A plan has been released by the state to correct loopholes that have allowed inmates in Nevada to collect unemployment benefits. It was discovered through a routine audit and the Employment Security Division was given 60 days to issue a plan to correct it. That plan calls for more background checks and for cross checks within the state.
Of 97,000 claims audited, 67 were from inmates behind bars, 15 were from people who had died. According to the DETR Deputy Administrator Kelly Karch, those cases were re-investigated and the numbers were lowered. Only 41 inmates made claims, and only 3 of the 15 original claims from deceased actually were from people who had died. But the report calls for tightening up the process.
"We do have inmates who are on work programs who are considered incarcerated and yet eligible for unemployment benefits because they are in jail for a day or so and then they are out looking for work. And since we are using debit cards, it's easier for girlfriends and family to use those cards than say when we issued checks. And years ago we had people come into the office so we could see them, but now it's all done online and on the phone, so sure there will be some problems," said Karch.

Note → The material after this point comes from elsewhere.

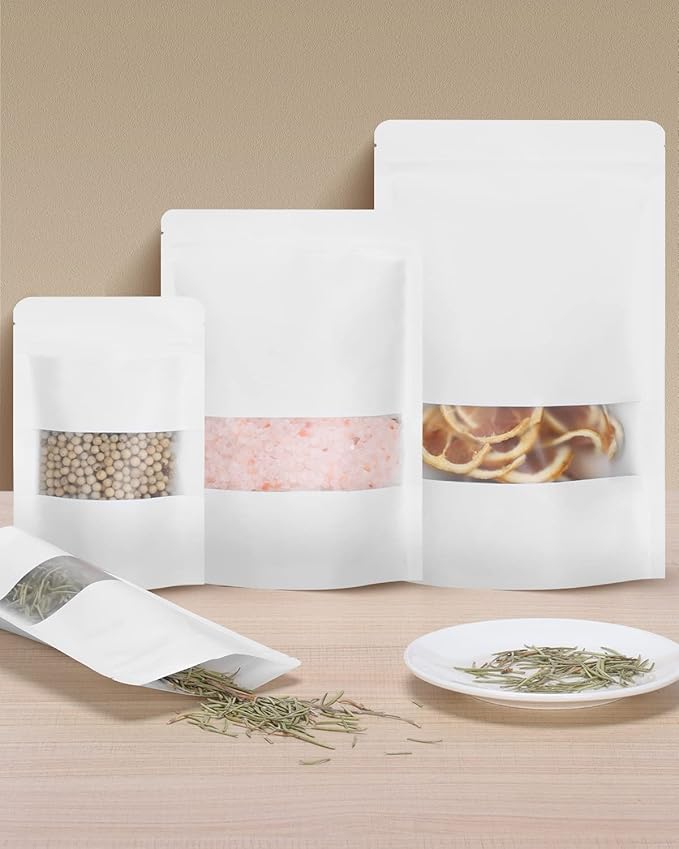 50pcs Kraft Bags with Window 5.9x8.6 Inches White Reusable Sealable Zip Lock Food Storage Stand up Paper Pouches for Home or Business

So the DETR will be getting weekly roster reports from the Department of Prisons and will be checking backgrounds more closely to stop the leaks. And overall the Director of the Nevada Legislative Counsel Bureau says he feels this is how the system is supposed to work.
"The numbers aren't that bad when you consider we're processing so many unemployment claims in this state," said Rick Combs. "And this is how the system is supposed to work. We rotate the audits to all of the state departments to find where they can do better. And we've done that."
The DETR will submit a six month report to the Legislative Counsel Bureau in September.